University Of California San Francisco, San Francisco CA

Investigators

Abstract

This dissertation project is a multi-sited ethnographic analysis of the interplay of Catholic social ethics and healthcare provision at the fourth largest non-profit hospital system in the US. This 48-facility corporation is the flagship of Catholic healthcare but serves diverse California constituencies. The religious mission requires that the hospitals provide a preferential option for the poor and their services are intended to serve vulnerable populations.
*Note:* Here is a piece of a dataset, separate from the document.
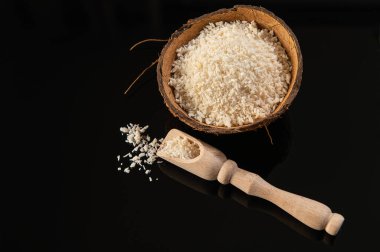 Hindistan cevizi tanecikleri siyah arkaplanda hindistan cevizi kabuğunda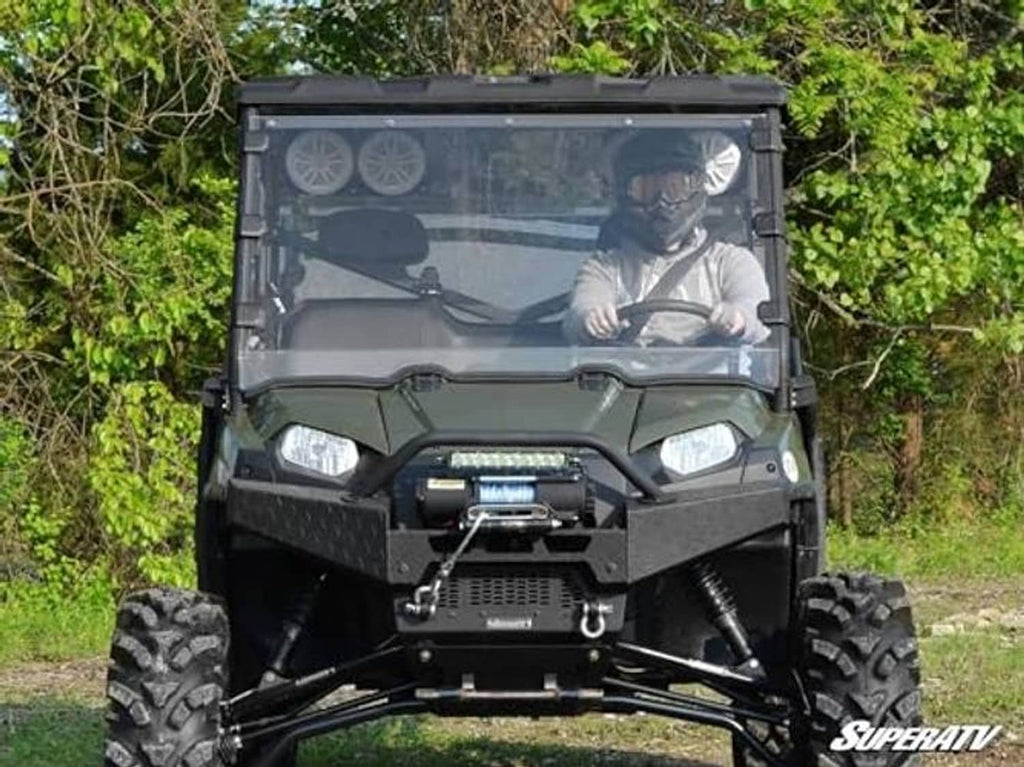 Clear full windshield on green UTV, front view outdoors with driver inside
This project investigates the role of Catholic religious values in the design of healthcare policy and service delivery by administrators and other decision-makers. It explores situations of conflicting ethics and value systems between the religious system. It seeks to understand how these values are articulated and how priorities are negotiated between institutions and how policy is developed is developed to prioritize services and increase access for underserved and other vulnerable populations and balance the tensions of resource allocation, charity and cost-effectiveness. Ethnographic research methods in this 15 month project include: 1) daily participant observation in meetings and hospital practice, 2) modified life history interviews with 10-15 informants involved in ethics issues and policy design, 3) review and analysis of documents produced by the hospital system since 1997. Field sites reflect an explicit effort to work in federally recognized disproportionate share hospitals (DSH) and other facilities where services to vulnerable populations complicate operations policy and finance strategies in a changing healthcare marketplace. In a era of federal devolution of health and welfare services, this dissertation will provide insight into this policy implementation. Research results will speak to the issues of not-for-profit health and medical care, particularly to the broader social concerns underlying the concept of hospital "community benefit" activities, beyond the dollar figures of "uncompensated care" and "charity care." It is intended to provide information of interest to provider institutions, public and private policy makers concerned about the provision of health care services to low-income and other underserved and vulnerable populations. It will also inform the work of consumer groups and community partners working with faith-based organizations in health and social welfare.